[ISEA2011] Workshop: Alessandro Segalini – Type Design with FontLab® and the Most Important OS (ISType Workshop Series)

Workshop Statement

This workshop aims to introduce the craftsmanship behind all the steps that are taken during the design and production of a font – from the initial hand drawn sketches to the digitization process; from the establishment of the metrics architecture to the generation of a useable font – ‘passing on’ and instilling design skill and technique. I want to win attendees’ hearts and minds, fire their imagination and intellect, with discipline and freedom working in tandem. I will try to inspire fresh students and first encounters with enthusiasm, erudition, and technical veracity, to extraordinary heights of competence in the space of a single seminar as workshop. Type is the element. In regards to education, I believe that knowledge is constructed by the learner through action; it is mediate, not immediate. Action initiated by the learner himself is the indispensable ingredient of the act of knowing, and art is with us to give structure to reality. Paul Standard in 1947 wrote: “Geometry can produce legible letter but art alone makes them beautiful. Art begins where geometry ends, and imparts to letters a character transcending mere measurement.”
Herman Zapf a few decades later said: “A lot of mathematics and technical knowledge are involved in our work today. I would not call us artists any more. I think ’alphabet designer’ is more accurate, and our comrade is no longer the punch cutter but the electronics engineer. If the technician learns that he doesn’t have to work with a crazy artist, and the designer learns a little about electronics, they will make an ideal team. It is still teamwork as it was in the good old days of metal type.”
 
One of the great promoters of communication, typography invites us to meditate on, not only the form of letters but also on the vicissitudes of the cultural memory of the people. The opening provided by the rapidly extending design of digital fonts is forcing us to pay attention to the sounds that characterize our individual languages. “And there is the fact that content is always embodied in its form, and so to make form is also to shape content”. Lettering is, in many ways, the opposite of type design. Whereas type design creates letters that must function under the broadest possible circumstances, lettering is created for the most narrow of applications. A type designer does not draw letters; a type designer designs words and words are structures that contain patterns of black and white shapes, form and counter-form. It is a game that deals with space and rhythm. Typography is two-dimensional architecture, based on experience and imagination, and guided by rules and readability. The purpose of typography is the arrangement of design elements within a given structure to allow the reader to easily focus on the message, without slowing down the speed of reading.  The prerequisites for this workshop are two: the completion of a Graphic Design and/or Typography course, and a clear determination in lettering. The required materials are: sketching and tracing paper, drawing pen and pencils, a pencil sharpener, an eraser, a ruler; a laptop running Mac OSX or Windows OS – FontLab®, Adobe® Illustrator™ and Photoshop™; a digital camera and connecting cable; a mouse or a tablet. The expected outcomes are – to be able to:

  1. Describe the process of letter-making and system-making where each glyph is used in harmony.
  2. Explore and create type drawings.
  3. Design a method to generate fonts able perform in various applications and contexts.

We may conclude that a mathematical approach to the design of alphabets does not eliminate the artists who make them.

  • Alessandro Segalini was born in Piacenza, Italy and currently lives in Izmir, Turkey.
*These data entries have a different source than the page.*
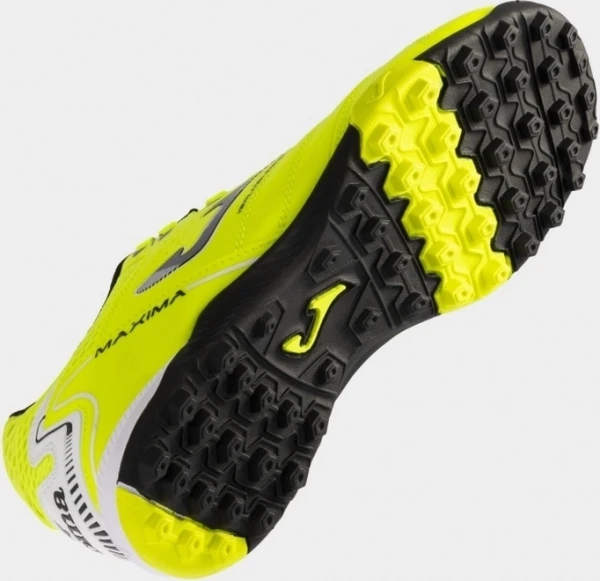 Сороконожки (шиповки) Joma MAXIMA желтые MAXW2409TF
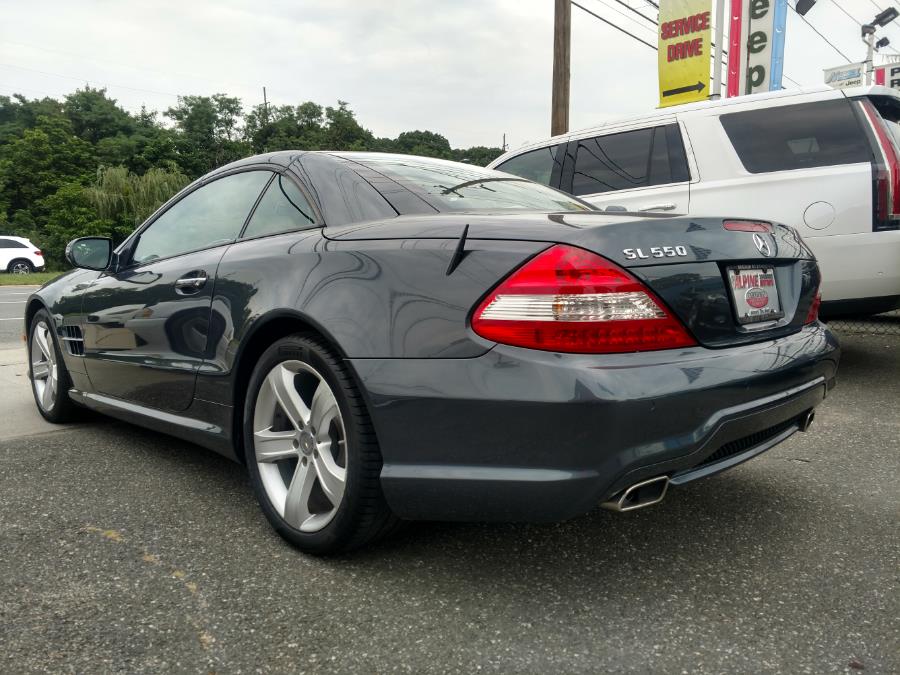 2009 Mercedes-Benz SL-Class SL550 - Photo 24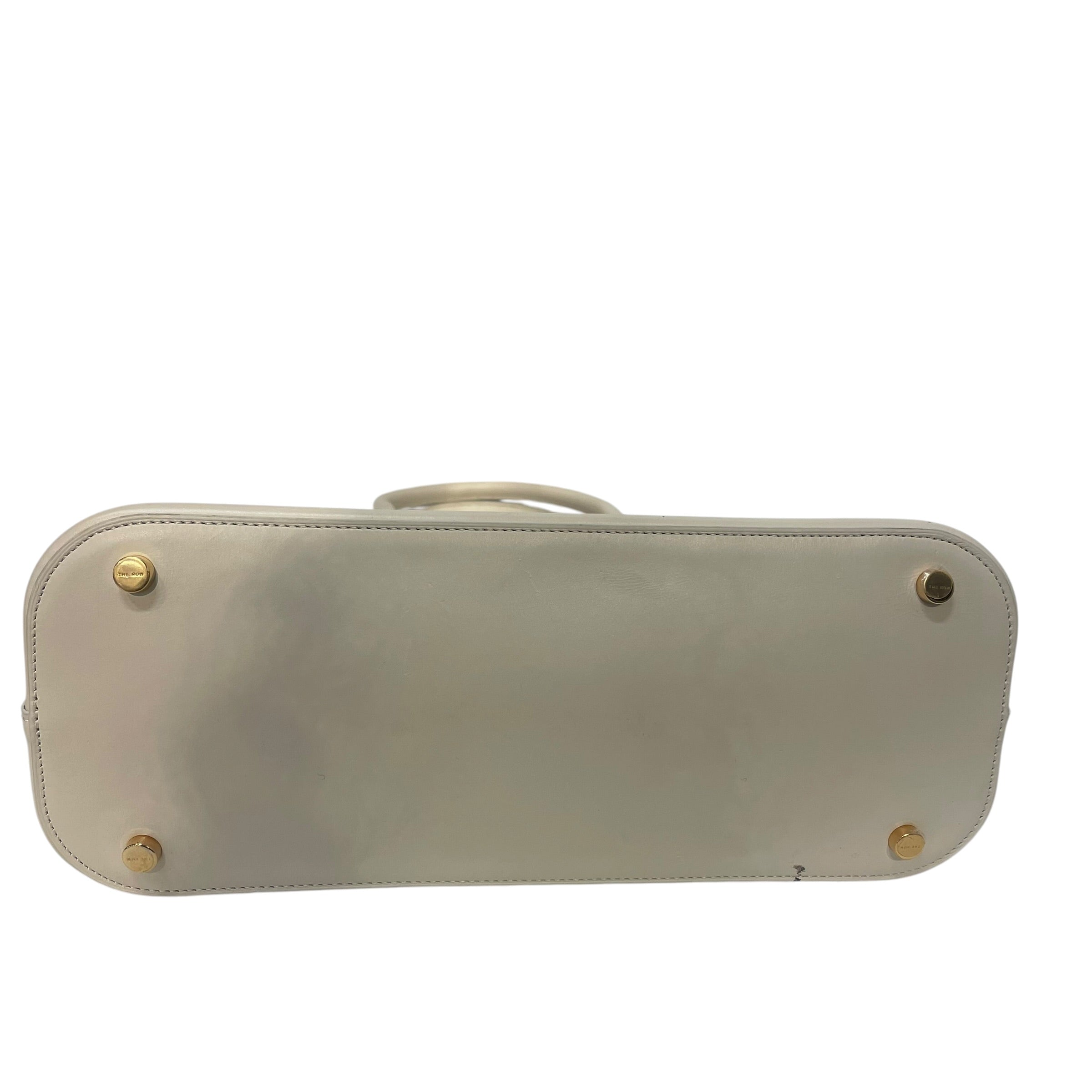 THE ROW/Bag/Leather/CRM/LADY BAG + POCHETTE view 3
He is a communication designer who specializes in typography. Segalini’s design and research interests include linguistics, book and editorial design, information design, typeface design, calligraphy and lettering, visual identities and designing for multiple languages. In regards to education, he believes that knowledge is constructed by the learner through action; it is mediate, not immediate. Action initiated by the learner himself is the indispensable ingredient of the act of knowing, and art is with us to give structure to reality. Segalini studied design at the Polytechnic of Milan and visual communication at the University of Art and Design of Helsinki. He holds a MSc in Industrial Design from the Polytechnic University of Milan. Currently he is a faculty member at Izmir University of Economics VCD department focusing on typographic design and design education. He is member of the editorial board of Multi, the RIT journal of diversity and plurality in design. Hemingway™ designed by Alessandro Segalini was inspired by the prize winning novel The Old Man and the Sea by Ernest Miller Hemingway. The typeface has been selected for the UK Creative Review Type Annual 2011 within the Display category. Segalini is on Behance at behance.net/asegalini ; a section of his portfolio was featured on typographyserved.com (02/2011) as a project that promotes new thinking in its industry. He is currently co-creator of the first Istanbul Type Seminars to be held in September 2011.